Chowdhury also stated that she avoids going to the South Side or taking certain lines at night. 

“It’s better to take an Uber,” she said. 

El stations and buses have seen an increase in HD security cameras in the last year. Photo by Karley Fontana

CTA’s website boasts the safety and security of it’s customers, claiming to have 32,000 cameras across the transit system. According to a May 2018 Chicago Tribune article, the CTA plans to install $33 million worth of new surveillance equipment at El stations over the course of five years.  In April of 2019, the CTA finished installing 1,000 new HD cameras that cost $3.5 million. 

Despite the new camera installations, crime continues to rise across all stops, the Tribune said in a follow-up article. However, in some instances, the cameras have been helpful in apprehending suspects of criminal activity.
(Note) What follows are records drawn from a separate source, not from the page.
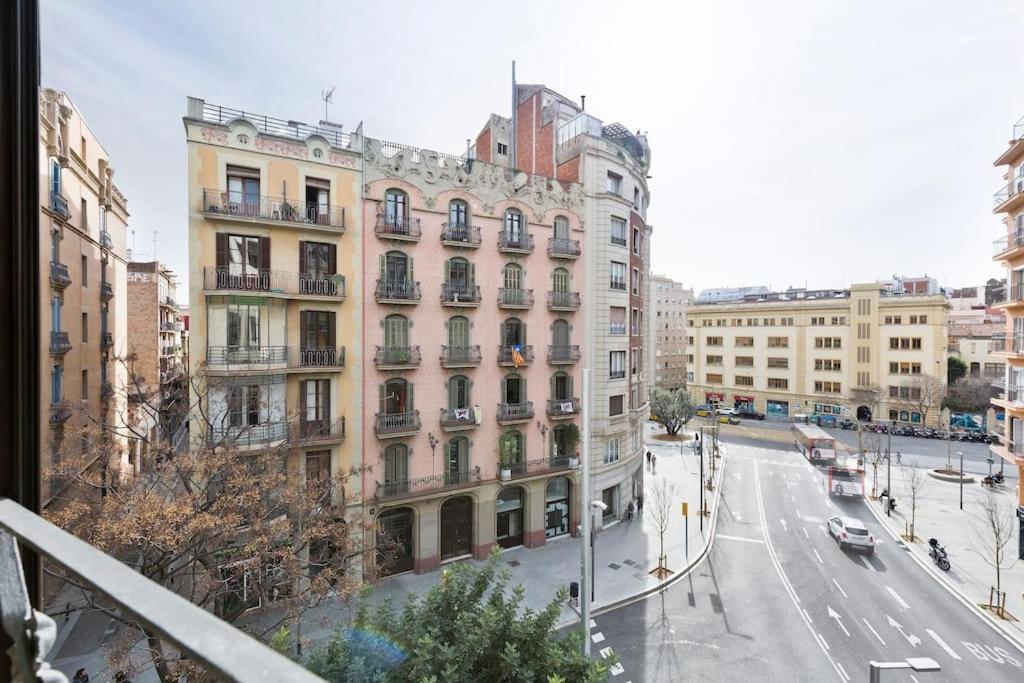 Modern And Bright Well Located In Gracia Apartment Barcelona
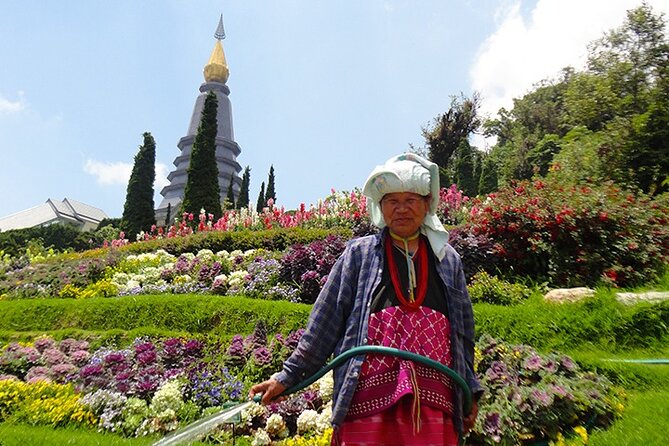 Doi Inthanon Private Trek & Lunch Tour from Chiang Mai - How the private transport affects value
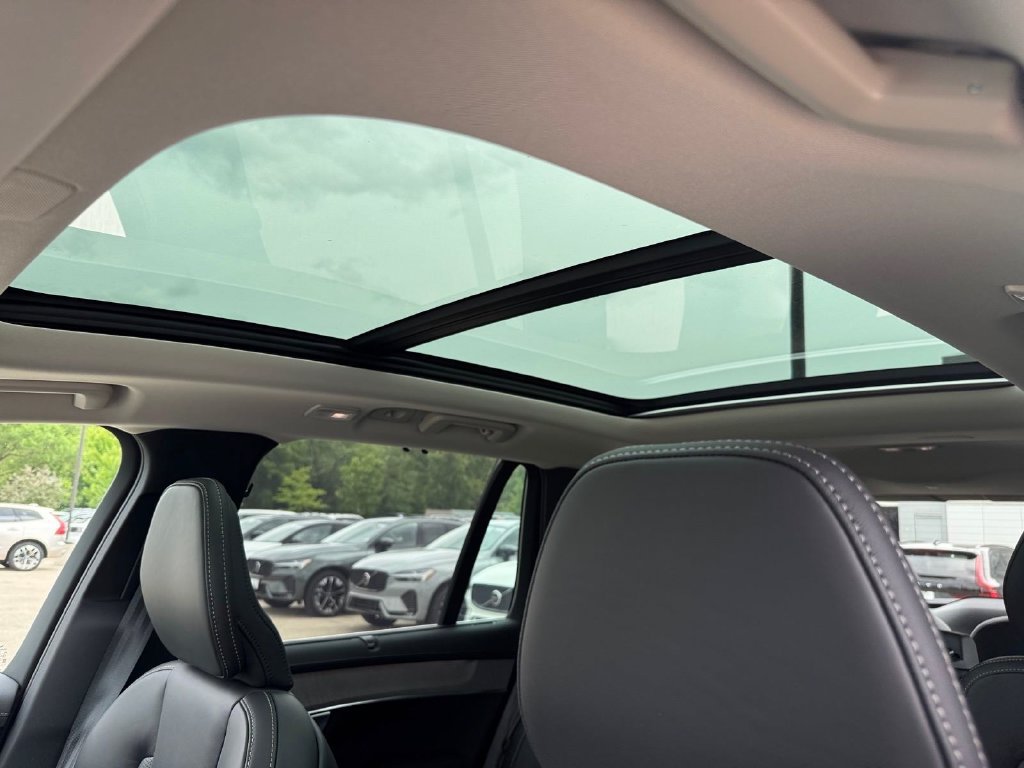 New 2026 Volvo XC90 T8 Ultra w/ Protection Package Premier AWD/4WD image 7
The suspected killer of the UIC student, Ruth George, who was assaulted and killed in November of 2019, was located and apprehended due to the CTA Blue Line cameras.

Although this particular incident proved that cameras a helpful edition to the CTA rail system, many riders still feel otherwise. 

UIC student Robert Hatch says he drives from home to campus, but he uses the CTA on a regular basis to visit colleagues. 

“There’s been many events, and I have one actually recorded. It was a verbal conversation between two people that sounded like it was going to lead to something bad. I don’t know what the outcome of that was, though, due to me leaving the train. There’s definitely a lot of stuff going on. Pretty much all of the stops are the same, except for the Red Line. Everything on that is pretty dangerous.”

“‘Keep your eyes to yourself,’ that’s what people always say with Chicago, but it’s a little bit more than that,” Hatch said. “There’s a lot of things that you’re not going to normally see when you go on any line, but specifically the Red Line… it’s pretty sad how frequent events like these that I’ve been talking about happen. It happens almost every day. You have to be careful around that.” 

Joanna Li, a resident of Chinatown and employee of Tous Les Jours on Archer Avenue, said she avoids taking the Red Line train when her late-night shifts are over.

“I haven’t witnessed any crimes, but I have heard them happening. I feel safe living in the area I’m in, because I’m not on a busy street. I know that things are happening on busier streets and in the central area of Chinatown, because it’s more crowded and touristy. I have my managers or my parents drive me home when my shift is over. I think the cameras on trains and buses are helpful, but I think maybe CTA should hire more security guards to monitor every stop” she said.

Despite increase in digital security measures, crimes have increased on all El trains, Although riders have decreased in 2019, crimes have remarkably soared on and around the Cermak-Chinatown El train station. If cameras can’t increase the safety and security of Chicago’s citizens, perhaps other measures should be taken. 

Reporting Crime on the CTA

You can report incidents that are non-life threatening to CTA Customer Service 1-888-YOUR-CTA (1-888-968-7282). You also can choose to file a police report by calling the local police non-emergency hotline for the municipality in which the incident occurred (311) or by visiting a nearby police station.